An example: cutting a RZZGate

As a basic and explicit example, let us consider the decomposition of a cut RZZGate.

As shown in [2], a quantum circuit which implements an RZZGate can be simulated by performing six subexperiments where the RZZGate in the original circuit has been replaced with only local (single-qubit) operations [the \(\mathcal{F}_i\)‘s in Eq. (1)]. The result is then reconstructed by combining the subexperiment results with certain coefficients [the \(a_i\)‘s in Eq. (1)], which can be either positive or negative. Given the \(\theta\) parameter of the RZZGate, the six subexperiments are as follows:

  1. With coefficient \(a_1 = \cos^2 (\theta/2)\), do nothing (\(I \otimes I\), where \(I\) is the identity operation on a single qubit).

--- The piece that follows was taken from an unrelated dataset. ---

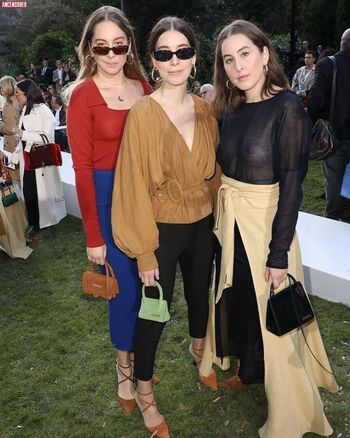 Full leaked Alana haim private onlyfans photo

  2. With coefficient \(a_2 = \sin^2 (\theta/2)\), perform a ZGate on each qubit (\(Z \otimes Z\)).

  3. With coefficient \(a_3 = -\sin(\theta)/2\), perform a projective measurement in the Z basis on the first qubit and an SGate gate on the second qubit (denote this as \(M_z \otimes S\)). If the result of the measurement is 1, flip the sign of that outcome’s contribution during reconstruction.

  4. With coefficient \(a_4 = \sin(\theta)/2\), perform a projective measurement in the Z basis on the first qubit and an SdgGate gate on the second qubit (denote this as \(M_z \otimes S^\dagger\)). If the result of the measurement is 1, flip the sign of that outcome’s contribution during reconstruction.

  5. Same as term 3 (\(a_5 = a_3\)), but swap the qubits (\(S \otimes M_z\)).

  6. Same as term 4 (\(a_6 = a_4\)), but swap the qubits (\(S^\dagger \otimes M_z\)).

Equation (1) for RZZGate can thus be written as a sum of the six terms listed above. The following plot shows the magnitude of each coeffient (negative coefficients are in orange) as a function of \(\theta\). The square root of the optimal sampling overhead, denoted by \(\gamma\), is given by the sum of the absolute coefficients.

(Source code)

../_images/index-1.svg

Let’s consider some special points in this plot:

  • When \(\theta = 0\), the gate has no effect, and the sampling overhead is 1. (Because the overhead is multiplicative, this is equivalent to there being no overhead.)

  • When \(\theta = \pi\), the gate is equivalent to \(Z \otimes Z\) up to a global phase, and the sampling overhead is again 1.

  • The maximum sampling overhead of \(3^2 = 9\) is reached at a ZZ Rotation of \(\theta=\pi/2\). We call this point the CXGate family because this rotation is equivalent to a CXGate up to (single-qubit) local unitary operations. This point is also equivalent, up to local unitary operations, to CZGate, CYGate, CHGate, and ECRGate.

  • The ZZ rotation at \(\theta=\pi/4\) has sampling overhead of \(3+2\sqrt{2} \approx 5.828\). We call this the CSGate family because this rotation is equivalent to a CSGate up to (single-qubit) local operations. This family also includes CSdgGate and CSXGate.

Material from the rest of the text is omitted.